With that being said, let me get into the title of this particular post, there are some dumb bitches out there in the world. We all know 'em, we all are guilty of being 'em at one point or another but I would just like to single out a couple people and I am sorry if it is you but seriously I can't hold my tongue any longer.
So I had this one lady comment saying that the setter made her face feel sticky and she asked what she could do. I didn't reply, I know that was a dick move but the answer was right there in my blog, she just had to read one more paragraph. When someone else did reply to her trying to help and said , "add some witch hazel and a little rubbing alcohol" though, I felt like I was a victim of PLAGIARISM!
Seriously, that was the answer and I was being too much of a cock to just repeat myself to this poor reader who just didn't read far enough into the post where I told her exactly what to do if it was sticky. Blame it on all the teachers who sent me back to my seat to read the chapter again, or rather for real this time, for taking out some passive aggressiveness on her. But as soon as I saw that someone else had replied to her using my very answer, I was all over that shit.
Of course I was kind about it because people actually read that post, and possibly the comments, so it's not like I can be a sarcastic ass about it, and say exactly what I am thinking, like I do on my facebook. I was kind and repeated the reasons why it could be sticky and shared my personal experiences with it, telling her I wore it all day mowing the lawn, and my make up still looked perfect and it wasn't sticky after adding the small amount of rubbing alcohol.

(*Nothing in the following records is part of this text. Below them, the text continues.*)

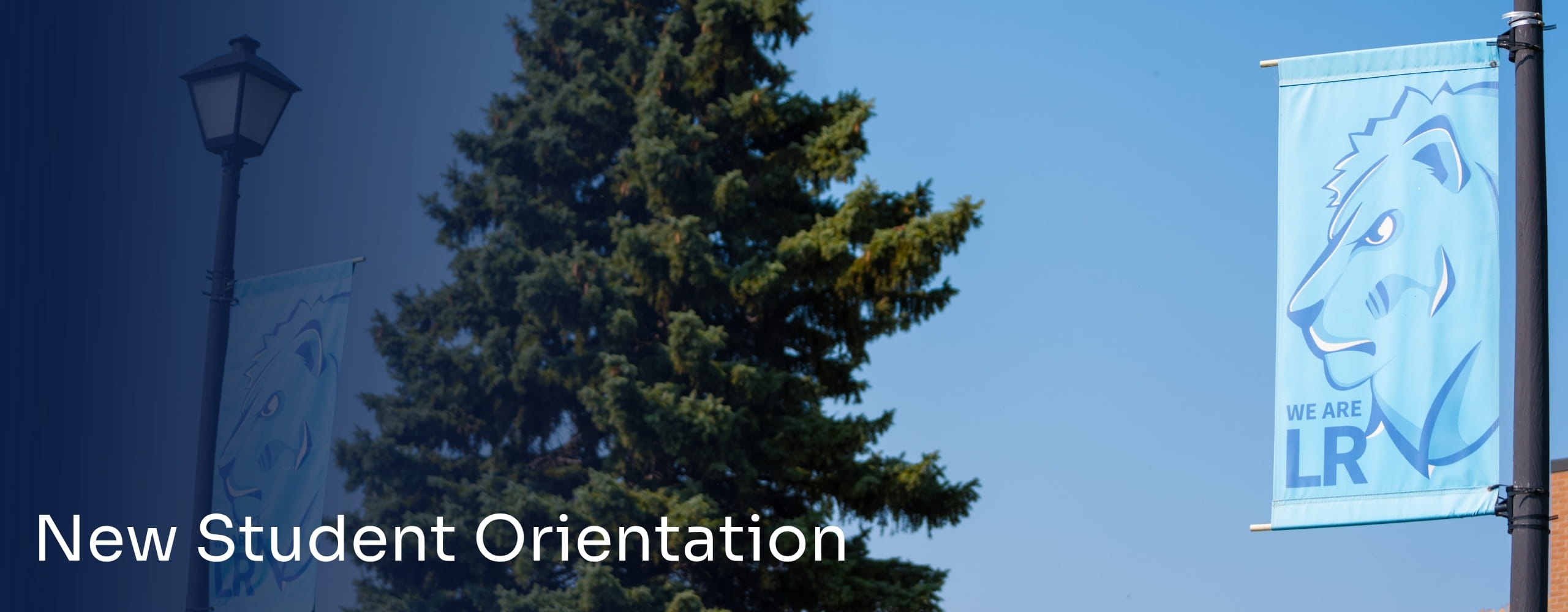 Graphic of LRSC flag with a tree in the back.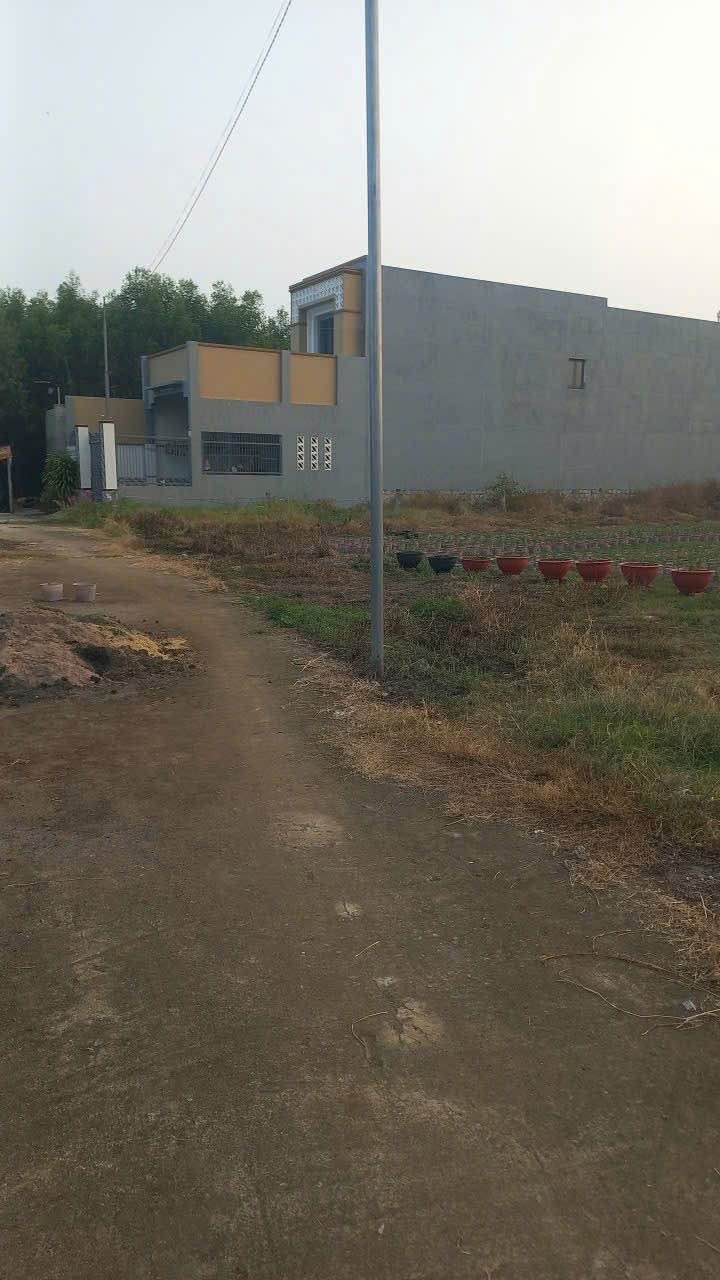 Đất nền Tam Phước Long Điền 246m² giá 1.4 tỷ - Cơ hội đầu tư tuyệt vời!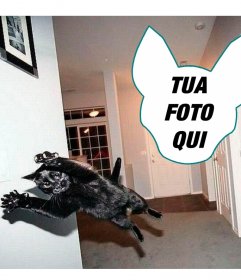 Fotomontaggio con un gatto saltando come se fosse unesplosione
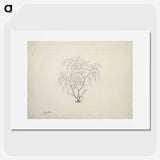 2-3_Luigi-Balugani_picture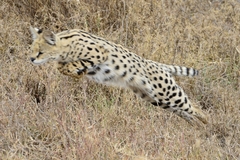 Leptailurus serval lipostictus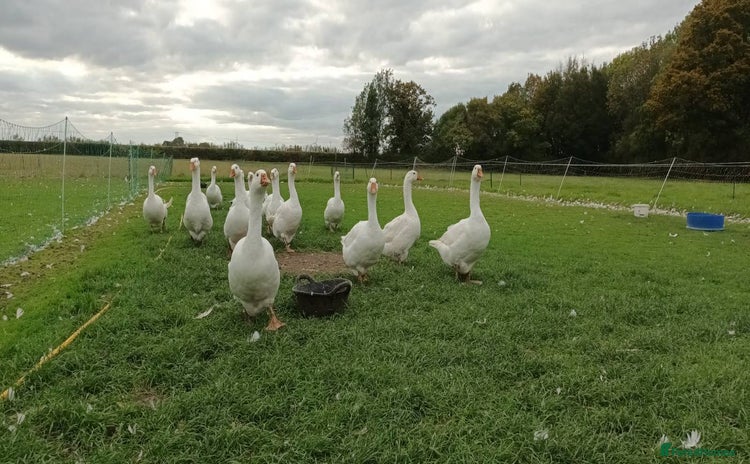 Geese poultry - Advert 1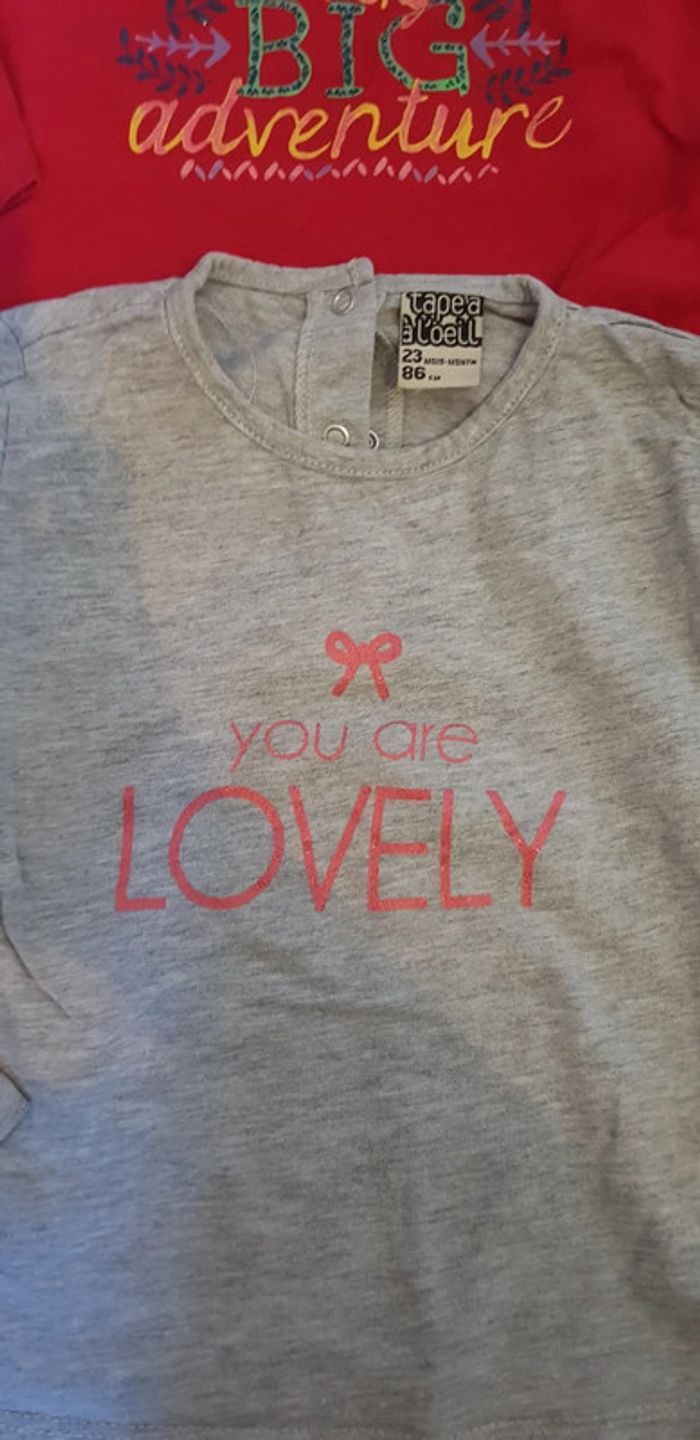 Lot quatre tshirts manches longues 2 ans - photo numéro 3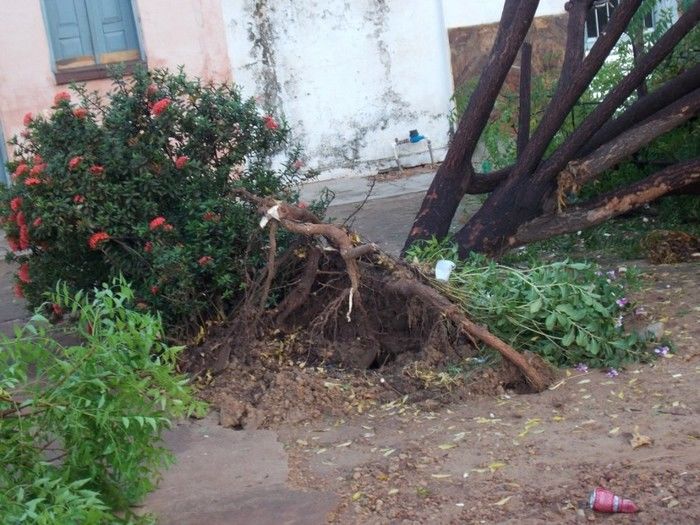 Chuva com ventania provoca danos em diversos pontos da cidade - Imagem 27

The tipping point today, though was when this other lady commented on the blog to tell me that baby oil was just glycerin and fragrance. You know, in all fairness, she may have been confused. I mean they are both clear liquids and have similar viscosities. I myself had to go and grab a bottle of baby oil and read the ingredients list just to make sure that I wasn't losing my fucking mind.
Sure enough, I had not, baby oil is still made from oil. Mineral oil and fragrance. Again, I commented and didn't even point out the fact that she was wrong, I held my tongue and applauded her for recognizing that mineral oil is actually a very useful beauty product. It is great for removing eye make up and other oil based make ups. But the problem with it is that lots of people find it clogs their pores. So I suggested using olive oil as it will moisturize successfully remove the make up and dirts and won't clog your pores.
You see, that was some quick thinking on my part, I know how to turn on the cheese when I need to. But the truth is, I joked around and made fun of this comment all damn day long. I still can't stop laughing at it. Not so much that she was wrong in thinking that it was glycerin but more because I was able to turn it around when all I really wanted to say was, "you stupid bitch... try mixing baby OIL and water together in a bottle and tell me how well it works out for you."